1. Field of the Invention
The present invention generally relates to a device for detecting objects which have been transferred to operate a switch. The device has a contact which comes into contact with a set position (for example, a terminal) of a different kinds of objects, such as a digital video cassette (DVC) and all other types of cassette, a FD and all other types of discs, and so on. The objects have been transferred to operate a switch and thereby, perform different electrical detecting operations. More particularly, the present invention provides a device for detecting objects which have been transferred to operate a switch, wherein the device includes a flexible spring part formed between a mounting plate part and a U-shaped spring part in a contact spring piece, made of a plate spring. The device further includes the mounting plate part, the U-shaped spring part, and a contact part so as to allow for making the spring span longer to equalize, with high precision, the required load for the contact spring piece (i.e., the contact pressure of the contact with the object) and at the same time, to drastically improve the durability of the contact spring piece.

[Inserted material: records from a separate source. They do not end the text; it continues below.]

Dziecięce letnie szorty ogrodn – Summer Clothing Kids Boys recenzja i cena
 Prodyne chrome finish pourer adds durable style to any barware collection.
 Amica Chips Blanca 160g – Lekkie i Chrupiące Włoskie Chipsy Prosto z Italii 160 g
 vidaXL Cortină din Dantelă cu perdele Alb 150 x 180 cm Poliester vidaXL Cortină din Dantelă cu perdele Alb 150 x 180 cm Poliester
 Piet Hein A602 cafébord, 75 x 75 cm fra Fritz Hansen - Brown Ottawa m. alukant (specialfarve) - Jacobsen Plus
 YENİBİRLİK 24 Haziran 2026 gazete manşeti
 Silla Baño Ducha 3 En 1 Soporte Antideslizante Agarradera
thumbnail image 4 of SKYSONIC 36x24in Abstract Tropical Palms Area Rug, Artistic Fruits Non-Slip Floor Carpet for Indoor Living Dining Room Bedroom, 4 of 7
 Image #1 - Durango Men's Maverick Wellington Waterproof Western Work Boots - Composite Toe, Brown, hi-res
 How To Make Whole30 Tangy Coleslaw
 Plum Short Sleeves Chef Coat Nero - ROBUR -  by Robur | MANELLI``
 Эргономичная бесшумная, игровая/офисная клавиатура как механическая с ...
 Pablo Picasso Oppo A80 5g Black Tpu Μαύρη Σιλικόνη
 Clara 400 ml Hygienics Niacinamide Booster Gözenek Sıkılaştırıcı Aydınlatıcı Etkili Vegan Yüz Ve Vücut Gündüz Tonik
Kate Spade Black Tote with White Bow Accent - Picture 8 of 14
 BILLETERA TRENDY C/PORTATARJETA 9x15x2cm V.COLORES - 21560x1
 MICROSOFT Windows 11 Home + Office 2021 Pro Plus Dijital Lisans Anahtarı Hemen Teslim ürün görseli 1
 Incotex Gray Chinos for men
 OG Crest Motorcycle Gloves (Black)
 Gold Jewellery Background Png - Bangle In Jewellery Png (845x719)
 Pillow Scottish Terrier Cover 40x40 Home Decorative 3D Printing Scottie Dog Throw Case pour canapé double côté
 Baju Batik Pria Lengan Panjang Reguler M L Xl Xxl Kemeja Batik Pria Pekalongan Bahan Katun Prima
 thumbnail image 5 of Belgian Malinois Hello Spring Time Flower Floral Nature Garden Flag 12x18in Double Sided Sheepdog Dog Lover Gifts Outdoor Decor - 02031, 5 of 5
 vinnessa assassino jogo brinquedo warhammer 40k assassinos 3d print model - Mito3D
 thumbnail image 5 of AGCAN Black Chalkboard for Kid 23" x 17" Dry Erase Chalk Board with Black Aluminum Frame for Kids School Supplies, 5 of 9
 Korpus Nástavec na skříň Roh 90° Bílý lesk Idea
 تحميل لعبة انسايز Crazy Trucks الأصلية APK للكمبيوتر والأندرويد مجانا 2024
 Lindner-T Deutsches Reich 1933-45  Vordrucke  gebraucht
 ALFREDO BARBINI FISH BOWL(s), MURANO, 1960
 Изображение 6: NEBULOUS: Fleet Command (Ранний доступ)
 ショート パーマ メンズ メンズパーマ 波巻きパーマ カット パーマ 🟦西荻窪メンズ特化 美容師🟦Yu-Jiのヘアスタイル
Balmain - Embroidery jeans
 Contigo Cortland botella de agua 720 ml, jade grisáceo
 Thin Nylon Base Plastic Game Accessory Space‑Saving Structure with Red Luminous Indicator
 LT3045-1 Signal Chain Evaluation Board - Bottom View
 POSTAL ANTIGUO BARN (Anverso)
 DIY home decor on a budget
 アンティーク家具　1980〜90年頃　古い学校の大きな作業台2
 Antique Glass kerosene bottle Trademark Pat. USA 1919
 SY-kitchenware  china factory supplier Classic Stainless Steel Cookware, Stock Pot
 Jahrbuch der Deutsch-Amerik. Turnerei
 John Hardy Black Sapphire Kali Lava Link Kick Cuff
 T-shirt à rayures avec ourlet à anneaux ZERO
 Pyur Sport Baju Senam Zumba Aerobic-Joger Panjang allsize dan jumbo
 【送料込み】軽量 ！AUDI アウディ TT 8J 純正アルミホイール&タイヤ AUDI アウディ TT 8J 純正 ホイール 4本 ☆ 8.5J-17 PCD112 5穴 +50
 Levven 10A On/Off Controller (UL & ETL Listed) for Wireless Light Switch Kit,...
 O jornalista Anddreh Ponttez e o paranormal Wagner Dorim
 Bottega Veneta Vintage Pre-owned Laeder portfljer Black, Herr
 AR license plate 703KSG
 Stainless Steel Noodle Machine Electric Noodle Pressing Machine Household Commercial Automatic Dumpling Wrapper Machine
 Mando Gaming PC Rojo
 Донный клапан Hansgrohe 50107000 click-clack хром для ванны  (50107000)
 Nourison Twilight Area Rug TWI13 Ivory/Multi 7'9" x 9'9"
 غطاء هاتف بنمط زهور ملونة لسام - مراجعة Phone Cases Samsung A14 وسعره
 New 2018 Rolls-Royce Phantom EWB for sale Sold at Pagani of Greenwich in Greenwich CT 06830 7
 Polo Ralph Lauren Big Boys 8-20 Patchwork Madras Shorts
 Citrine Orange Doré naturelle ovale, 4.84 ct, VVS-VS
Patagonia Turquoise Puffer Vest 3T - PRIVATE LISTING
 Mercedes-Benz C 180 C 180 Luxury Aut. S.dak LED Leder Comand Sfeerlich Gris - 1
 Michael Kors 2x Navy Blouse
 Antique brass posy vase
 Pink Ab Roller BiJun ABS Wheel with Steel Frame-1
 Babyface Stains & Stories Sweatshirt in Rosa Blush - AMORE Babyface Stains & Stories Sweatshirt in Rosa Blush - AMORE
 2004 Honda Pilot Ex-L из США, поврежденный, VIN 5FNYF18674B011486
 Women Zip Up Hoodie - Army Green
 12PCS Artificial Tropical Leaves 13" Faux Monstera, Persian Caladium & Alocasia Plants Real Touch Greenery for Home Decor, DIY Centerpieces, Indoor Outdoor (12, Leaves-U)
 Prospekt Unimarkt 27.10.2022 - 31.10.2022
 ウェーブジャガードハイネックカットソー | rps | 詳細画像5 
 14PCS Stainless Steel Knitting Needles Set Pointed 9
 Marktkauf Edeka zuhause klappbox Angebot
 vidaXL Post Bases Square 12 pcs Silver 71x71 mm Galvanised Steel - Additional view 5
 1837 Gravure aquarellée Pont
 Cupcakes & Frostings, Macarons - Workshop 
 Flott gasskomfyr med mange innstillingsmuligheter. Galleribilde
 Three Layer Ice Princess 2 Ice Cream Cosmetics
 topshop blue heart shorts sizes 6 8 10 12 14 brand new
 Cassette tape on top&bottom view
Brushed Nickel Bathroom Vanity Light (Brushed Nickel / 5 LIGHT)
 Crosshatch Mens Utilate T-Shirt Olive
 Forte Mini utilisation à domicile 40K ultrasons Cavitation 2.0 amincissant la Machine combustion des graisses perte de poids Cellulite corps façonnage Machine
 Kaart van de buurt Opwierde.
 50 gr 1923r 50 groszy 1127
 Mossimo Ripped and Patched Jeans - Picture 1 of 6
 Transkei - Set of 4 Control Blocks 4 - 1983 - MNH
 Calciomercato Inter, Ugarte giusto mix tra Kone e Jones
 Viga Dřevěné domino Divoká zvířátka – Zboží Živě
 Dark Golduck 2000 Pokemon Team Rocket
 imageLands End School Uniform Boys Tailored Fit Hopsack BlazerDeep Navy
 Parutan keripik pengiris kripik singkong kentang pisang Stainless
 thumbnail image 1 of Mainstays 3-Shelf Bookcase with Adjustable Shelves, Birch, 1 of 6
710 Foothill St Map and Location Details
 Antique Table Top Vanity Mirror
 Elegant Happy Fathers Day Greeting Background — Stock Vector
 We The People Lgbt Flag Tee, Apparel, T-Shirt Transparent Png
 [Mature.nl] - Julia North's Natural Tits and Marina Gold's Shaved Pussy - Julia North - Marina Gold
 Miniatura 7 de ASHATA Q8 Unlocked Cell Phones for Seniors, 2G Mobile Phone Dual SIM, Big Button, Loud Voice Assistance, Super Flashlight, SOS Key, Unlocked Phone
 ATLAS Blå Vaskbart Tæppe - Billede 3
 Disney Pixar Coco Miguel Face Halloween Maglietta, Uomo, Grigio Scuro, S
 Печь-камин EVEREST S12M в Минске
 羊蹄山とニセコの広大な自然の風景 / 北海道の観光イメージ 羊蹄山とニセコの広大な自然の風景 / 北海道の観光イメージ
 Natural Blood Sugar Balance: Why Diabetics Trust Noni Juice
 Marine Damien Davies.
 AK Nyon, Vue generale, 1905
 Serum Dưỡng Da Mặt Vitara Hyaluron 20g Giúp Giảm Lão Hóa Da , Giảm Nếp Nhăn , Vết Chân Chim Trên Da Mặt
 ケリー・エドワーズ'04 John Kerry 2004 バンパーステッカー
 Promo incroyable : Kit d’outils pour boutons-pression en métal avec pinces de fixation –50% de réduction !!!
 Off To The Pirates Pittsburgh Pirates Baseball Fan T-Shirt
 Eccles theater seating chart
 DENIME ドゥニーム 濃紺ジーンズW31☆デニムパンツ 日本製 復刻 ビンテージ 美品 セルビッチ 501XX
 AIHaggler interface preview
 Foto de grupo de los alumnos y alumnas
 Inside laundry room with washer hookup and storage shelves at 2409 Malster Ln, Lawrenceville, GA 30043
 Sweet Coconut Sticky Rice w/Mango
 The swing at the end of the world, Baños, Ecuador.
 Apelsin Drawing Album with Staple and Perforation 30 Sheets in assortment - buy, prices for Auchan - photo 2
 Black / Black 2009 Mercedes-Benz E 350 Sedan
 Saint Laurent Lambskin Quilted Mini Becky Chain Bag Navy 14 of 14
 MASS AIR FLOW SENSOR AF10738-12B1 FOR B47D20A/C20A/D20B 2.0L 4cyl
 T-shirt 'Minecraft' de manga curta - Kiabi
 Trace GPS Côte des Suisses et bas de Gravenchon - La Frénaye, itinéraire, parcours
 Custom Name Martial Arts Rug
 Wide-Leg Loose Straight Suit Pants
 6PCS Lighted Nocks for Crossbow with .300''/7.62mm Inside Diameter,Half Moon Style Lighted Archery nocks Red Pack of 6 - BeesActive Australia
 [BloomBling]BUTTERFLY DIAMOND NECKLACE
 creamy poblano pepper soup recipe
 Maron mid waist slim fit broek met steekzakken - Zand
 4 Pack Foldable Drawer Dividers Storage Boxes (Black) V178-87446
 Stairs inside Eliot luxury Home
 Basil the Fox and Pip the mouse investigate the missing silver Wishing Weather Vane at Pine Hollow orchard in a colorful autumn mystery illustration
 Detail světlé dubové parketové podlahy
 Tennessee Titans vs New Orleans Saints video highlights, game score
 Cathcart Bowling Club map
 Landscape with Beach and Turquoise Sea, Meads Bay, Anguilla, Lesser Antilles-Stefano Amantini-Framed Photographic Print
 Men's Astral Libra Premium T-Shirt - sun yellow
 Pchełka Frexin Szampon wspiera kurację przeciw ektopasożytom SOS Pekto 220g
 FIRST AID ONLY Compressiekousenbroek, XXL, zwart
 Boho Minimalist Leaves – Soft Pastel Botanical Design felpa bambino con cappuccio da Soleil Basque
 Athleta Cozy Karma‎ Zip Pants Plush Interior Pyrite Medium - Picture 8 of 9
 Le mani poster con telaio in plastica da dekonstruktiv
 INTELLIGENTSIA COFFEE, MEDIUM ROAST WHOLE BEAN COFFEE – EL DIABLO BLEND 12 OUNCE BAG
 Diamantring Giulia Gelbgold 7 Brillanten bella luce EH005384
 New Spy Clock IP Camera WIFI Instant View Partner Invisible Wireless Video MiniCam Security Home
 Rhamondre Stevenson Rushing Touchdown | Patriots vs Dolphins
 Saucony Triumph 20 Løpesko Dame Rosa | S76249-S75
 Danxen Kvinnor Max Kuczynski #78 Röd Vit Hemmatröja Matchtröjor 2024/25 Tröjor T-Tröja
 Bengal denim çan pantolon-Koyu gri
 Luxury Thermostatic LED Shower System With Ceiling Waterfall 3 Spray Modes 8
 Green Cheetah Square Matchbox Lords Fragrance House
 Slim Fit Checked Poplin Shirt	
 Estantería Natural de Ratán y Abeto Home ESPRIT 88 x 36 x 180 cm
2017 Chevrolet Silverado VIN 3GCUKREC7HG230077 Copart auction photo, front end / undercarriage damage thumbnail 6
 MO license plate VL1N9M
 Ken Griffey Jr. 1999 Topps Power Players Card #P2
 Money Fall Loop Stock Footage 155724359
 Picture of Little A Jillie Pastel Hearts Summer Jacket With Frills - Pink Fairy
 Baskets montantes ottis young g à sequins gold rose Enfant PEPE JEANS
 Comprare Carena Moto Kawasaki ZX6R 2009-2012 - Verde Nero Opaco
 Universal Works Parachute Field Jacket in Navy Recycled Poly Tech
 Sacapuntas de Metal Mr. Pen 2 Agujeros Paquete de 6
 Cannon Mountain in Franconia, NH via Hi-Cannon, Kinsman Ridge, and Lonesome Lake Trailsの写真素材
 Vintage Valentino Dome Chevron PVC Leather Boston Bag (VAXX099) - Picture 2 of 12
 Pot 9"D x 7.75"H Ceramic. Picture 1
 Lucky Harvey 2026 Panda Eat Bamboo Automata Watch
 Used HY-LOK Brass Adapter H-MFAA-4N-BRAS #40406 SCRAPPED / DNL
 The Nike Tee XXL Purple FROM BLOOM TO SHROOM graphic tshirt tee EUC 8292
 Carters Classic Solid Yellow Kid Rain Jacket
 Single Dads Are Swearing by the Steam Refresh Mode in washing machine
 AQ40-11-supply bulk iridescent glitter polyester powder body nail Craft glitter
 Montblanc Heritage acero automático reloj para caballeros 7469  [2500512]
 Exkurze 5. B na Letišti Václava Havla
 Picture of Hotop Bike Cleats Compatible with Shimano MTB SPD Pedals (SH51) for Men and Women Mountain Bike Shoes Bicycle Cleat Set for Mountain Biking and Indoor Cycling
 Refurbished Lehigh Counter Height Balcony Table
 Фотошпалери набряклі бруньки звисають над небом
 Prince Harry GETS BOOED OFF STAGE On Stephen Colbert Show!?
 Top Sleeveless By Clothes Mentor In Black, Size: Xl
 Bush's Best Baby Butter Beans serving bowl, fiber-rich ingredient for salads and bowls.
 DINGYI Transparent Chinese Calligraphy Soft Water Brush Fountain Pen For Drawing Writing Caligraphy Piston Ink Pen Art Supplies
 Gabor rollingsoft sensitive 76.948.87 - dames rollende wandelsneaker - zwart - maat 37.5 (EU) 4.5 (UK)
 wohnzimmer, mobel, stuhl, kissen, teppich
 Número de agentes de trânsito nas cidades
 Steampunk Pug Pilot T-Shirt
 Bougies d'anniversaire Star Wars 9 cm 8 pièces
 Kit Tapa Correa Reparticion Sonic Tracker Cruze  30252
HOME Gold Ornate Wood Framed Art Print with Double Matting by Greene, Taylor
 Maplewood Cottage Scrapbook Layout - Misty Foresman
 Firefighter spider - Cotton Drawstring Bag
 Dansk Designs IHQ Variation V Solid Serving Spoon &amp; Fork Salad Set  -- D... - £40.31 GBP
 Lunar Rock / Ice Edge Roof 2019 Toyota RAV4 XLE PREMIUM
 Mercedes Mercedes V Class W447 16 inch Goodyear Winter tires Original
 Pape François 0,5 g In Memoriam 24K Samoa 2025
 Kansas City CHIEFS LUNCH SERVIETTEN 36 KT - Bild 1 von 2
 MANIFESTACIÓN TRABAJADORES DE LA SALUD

2. Discussion of Background
A device for detecting an object transferred to operate a switch has been conventionally used, wherein a set position of the transferred object, such as a DVC, other types of cassettes, etc., comes into contact with a contact of a contact spring piece to operate the switch, thereby performing different electrical detecting operations. Two kinds of devices have been used for detecting the object transferred to operate the switch, namely, one in which a contact spring piece is made of wire, and another in which a contact spring piece is made of a narrow and long plate spring piece.
The device for detecting an object, which has been transferred to operate a switch and which uses the contact spring piece made of wire as described above, is prepared, for example, as shown in FIG. 9. Referring to FIG. 9, a coil part 108 is shown as being elongatedly attached to the top of an upright mounting part 101. A contact spring piece A1 is elongatedly equipped with an angled contact part 103. The angled contact part 103 is the lower part of the contact spring piece A1. An upright mounting part 101 is inserted into a hole or slit 106 of a back plate 105 of an L-shaped insulating stock 104 and is fixed in the hole of slit 106. A lower end of the upright mounting part 101 extends outwardly past a lower end of a base 107 of the L-shaped insulating stock 104 to form a terminal 101a. A shaft 111 is inserted into the coil part 108. The angled contact part 103 extends outwardly in front of the back plate 105 of the L-shaped insulating stock 104. A lower end of the angled contact part 103 presses against the front end of a slit 110 of the base 107 of the L-shaped insulating stock 104.
Referring to FIG. 9, an object 109 is shown as being moved in a downward direction so as to contact an upper part of the angled contact part 103. Once contact between the object 109 and the angled contact part 103 is established, the object 109 is then continued to be moved downwardly towards a contact or top 103a of the angled contact part 103, while being in contact with the angled contact part 103. The contact between the object 109 and the angled contact part 103 creates a downwardly-directed load L1 and a cross-direction load L2 on the angled contact part 103. The downwardly-directed load L1, which moves the angled contact part 103 downwardly towards the bottom surface of the L-shaped insulating stock 104, is added to the cross-direction load L2, which moves the angled contact part 103 backwardly in the direction of the front surface of the back plate 105. The downwardly-directed load L1 and cross-direction load L2 act as a force for winding a coil of the coil part 108 so that a set position or terminal (not shown) of the object 109 contacts the contact or top 103a of the angled contact part 103. A bending load P5 is applied to the upper part of the contact spring piece A1 to compress and bend the angled contact part 103 of the contact spring piece A1 and the coil part 108 in cross-direction so as to operate the switch in order to perform detection of the object 109.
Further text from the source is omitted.